¿Qué es la roséola?
La roséola (roséola infantil) es una enfermedad leve causada por un virus. Por lo general, es inofensiva y es más frecuente en niños de entre 6 meses y 2 años de edad. Es poco frecuente a partir de los 4 años.
¿Cuál es la causa?
La roséola está causada por dos virus comunes. Estos virus pertenecen a la familia de los herpesvirus, pero no provocan el herpes labial ni las infecciones genitales que pueden causar los virus del herpes simple. Se transmiten a través de pequeñas gotículas de líquido nasal y faríngeo de las personas infectadas cuando ríen, hablan, estornudan o tosen. La roséola se transmite principalmente a partir de personas infectadas que no tienen síntomas.

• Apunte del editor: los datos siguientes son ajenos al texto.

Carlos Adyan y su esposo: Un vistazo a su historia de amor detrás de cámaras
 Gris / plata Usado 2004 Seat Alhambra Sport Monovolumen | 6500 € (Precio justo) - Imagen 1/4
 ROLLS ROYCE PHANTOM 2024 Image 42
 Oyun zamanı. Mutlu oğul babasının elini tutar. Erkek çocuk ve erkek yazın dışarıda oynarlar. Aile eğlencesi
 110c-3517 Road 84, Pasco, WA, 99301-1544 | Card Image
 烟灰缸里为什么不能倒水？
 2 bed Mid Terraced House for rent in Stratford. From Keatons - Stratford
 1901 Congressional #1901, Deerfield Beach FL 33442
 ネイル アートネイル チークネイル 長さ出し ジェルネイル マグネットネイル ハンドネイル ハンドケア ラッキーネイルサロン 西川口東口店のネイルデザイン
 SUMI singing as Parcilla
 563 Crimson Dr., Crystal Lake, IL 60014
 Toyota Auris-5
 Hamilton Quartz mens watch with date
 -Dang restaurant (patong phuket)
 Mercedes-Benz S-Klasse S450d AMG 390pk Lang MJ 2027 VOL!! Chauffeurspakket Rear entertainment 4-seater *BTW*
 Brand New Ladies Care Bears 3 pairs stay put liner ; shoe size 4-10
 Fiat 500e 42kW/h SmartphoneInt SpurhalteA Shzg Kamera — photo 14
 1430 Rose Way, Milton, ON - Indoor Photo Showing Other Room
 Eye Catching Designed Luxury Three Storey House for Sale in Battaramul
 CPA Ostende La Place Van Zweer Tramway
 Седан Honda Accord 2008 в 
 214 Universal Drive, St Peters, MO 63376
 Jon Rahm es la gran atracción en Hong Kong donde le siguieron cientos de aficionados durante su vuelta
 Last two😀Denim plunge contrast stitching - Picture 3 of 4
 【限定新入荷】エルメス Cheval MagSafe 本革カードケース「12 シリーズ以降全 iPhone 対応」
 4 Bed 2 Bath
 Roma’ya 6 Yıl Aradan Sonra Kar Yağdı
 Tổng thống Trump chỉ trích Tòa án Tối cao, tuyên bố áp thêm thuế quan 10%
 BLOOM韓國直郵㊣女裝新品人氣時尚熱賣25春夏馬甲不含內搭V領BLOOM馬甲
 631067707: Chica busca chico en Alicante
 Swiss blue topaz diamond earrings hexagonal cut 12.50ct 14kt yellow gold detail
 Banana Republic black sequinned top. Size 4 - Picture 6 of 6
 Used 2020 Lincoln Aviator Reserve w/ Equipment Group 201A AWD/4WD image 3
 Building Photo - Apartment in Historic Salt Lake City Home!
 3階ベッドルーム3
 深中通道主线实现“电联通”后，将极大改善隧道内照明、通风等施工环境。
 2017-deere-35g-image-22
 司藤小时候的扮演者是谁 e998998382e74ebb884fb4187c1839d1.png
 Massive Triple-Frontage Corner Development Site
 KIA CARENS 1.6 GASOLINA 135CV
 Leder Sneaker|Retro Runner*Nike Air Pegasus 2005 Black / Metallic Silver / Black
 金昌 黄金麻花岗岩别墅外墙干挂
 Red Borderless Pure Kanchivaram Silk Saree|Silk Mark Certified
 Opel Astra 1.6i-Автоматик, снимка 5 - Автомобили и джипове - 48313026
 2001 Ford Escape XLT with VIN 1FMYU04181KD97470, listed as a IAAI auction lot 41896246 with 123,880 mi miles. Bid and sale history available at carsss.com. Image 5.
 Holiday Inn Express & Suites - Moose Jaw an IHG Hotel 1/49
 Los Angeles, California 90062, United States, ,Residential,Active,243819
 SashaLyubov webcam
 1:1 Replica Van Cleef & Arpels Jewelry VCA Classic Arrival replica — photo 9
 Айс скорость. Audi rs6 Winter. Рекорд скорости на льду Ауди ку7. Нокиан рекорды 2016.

Si su hijo tiene roséola, manténgalo en casa hasta que lleve 24 horas sin fiebre y se encuentre mejor.
¿Cuáles son los síntomas?
La roséola a menudo comienza con una fiebre alta repentina de 103 °F (39.4 °C) a 105 °F (40.6 °C) que dura de 2 a 3 días, aunque puede durar hasta 8 días. El rápido aumento de la temperatura puede ser la primera señal de roséola y a menudo ocurre antes de que se dé cuenta de que su hijo tiene fiebre. La fiebre termina repentinamente.
Una vez que desaparece la fiebre, puede aparecer un salpullido, principalmente en el tronco (torso), el cuello y los brazos. En niños de piel clara, el salpullido tiene un color rosado. En niños de piel más oscura, el salpullido puede ser más difícil de apreciar o tener un color rojo pálido o violáceo. El salpullido no pica y puede durar 1 o 2 días.
En raras ocasiones, se produce dolor de garganta, dolor de estómago, vómitos y diarrea.
Un niño con roséola puede parecer inquieto o irritable y puede tener menos apetito. Pero la mayoría de los niños se comportan con casi total normalidad.
La roséola generalmente es inofensiva. Como cualquier enfermedad que pueda causar fiebre, puede provocar convulsiones por fiebre, que son espasmos musculares incontrolados y falta de respuesta que duran de 1 a 3 minutos. La convulsión por fiebre es causada por el rápido aumento de la temperatura en un corto período de tiempo. Una vez que la fiebre ha alcanzado una temperatura elevada, es probable que el riesgo de convulsiones haya terminado.
¿Cómo se diagnostica?
La roséola se diagnostica mediante el historial médico y un examen físico. El médico suele saber que se trata de roséola si el niño ha tenido fiebre y ahora presenta un salpullido característico.
¿Cómo se trata la roséola?
La fiebre de la roséola puede tratarse con acetaminofén (como Tylenol) o ibuprofeno (como Advil o Motrin). Sea prudente con los medicamentos. Lea y siga todas las indicaciones de la etiqueta. Si le da medicamentos a su bebé, siga los consejos del médico sobre la cantidad que debe darle. No dé aspirina a niños y adolescentes. Se ha relacionado con el síndrome de Reye, una enfermedad poco común, pero grave.
El salpullido de la roséola desaparecerá sin tratamiento médico.